The villages Viré and Clessé were originally permitted to call their wines Mâcon-Viré or Mâcon-Clessé. The quality of these wines, produced exclusively from Chardonnay, began to escalate in the latter part of the 20th century. Some growers recognized the best of their wines could rival those of their more known and expensive neighbors in Pouilly-Fuissé.

Because the wines of Viré and Clessé closely resembled each other, it was decided to roll them into a single appellation. They applied for separate appellation status in an attempt to distance themselves from the more generic Mâcon classification.

Created in February 1999, the Viré-Clessé appellation was intended to single out the small area capable of producing white wines of quality.“

Got that? In other words, it used to be plain old Macon until the French finally realized that the wines from here were some of the most unique wines in Burgundy and finally gave these growers their due. The best Viré-Clessé is like the best Pouilly Fuissé, at half the price.

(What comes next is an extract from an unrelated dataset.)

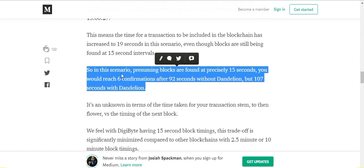In this scenario, presuming that the blocks are still found precisely at 15 seconds, you would reach the six confirmations needed, being six blocks created, after 92 seconds without Dandelion.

Without doubt, two of the hottest growers in Viré-Clessé right now are Aurelien and Johan Palthey of Domaine Andre Bonhomme. Aurelien and Johan are the sons of Jacqueline Bonhomme and Eric Palthey, current proprietors for the domaine. They are young energetic and ready to give not just Pouilly Fuissé but perhaps the whole of white Burgundy a run for its money.

The Bonhomme wines are some of the most exotic, uniquely styled Chardonnays in the world from one of the grapes most unique locales.

Charles writes:

“So how does the family do it? Aurélien thinks that Viré-Clesse's proximity to the Saône River enables its producers to make wonderful sweet wines. Perhaps this particular microclimate even gives the dry wines a wonderful exoticism and age-worthiness.

The soil in the Viré-Clessé AOC contains less iron than that of Pouilly-Fuissé. It's primarily Jurassic limestone that contains some marl. Clay lies at the foot of the slopes. Mixed in are sandstone pebbles known as chailles. Cray (white limestone pebbles typical of the Mâconnais) insures proper drainage.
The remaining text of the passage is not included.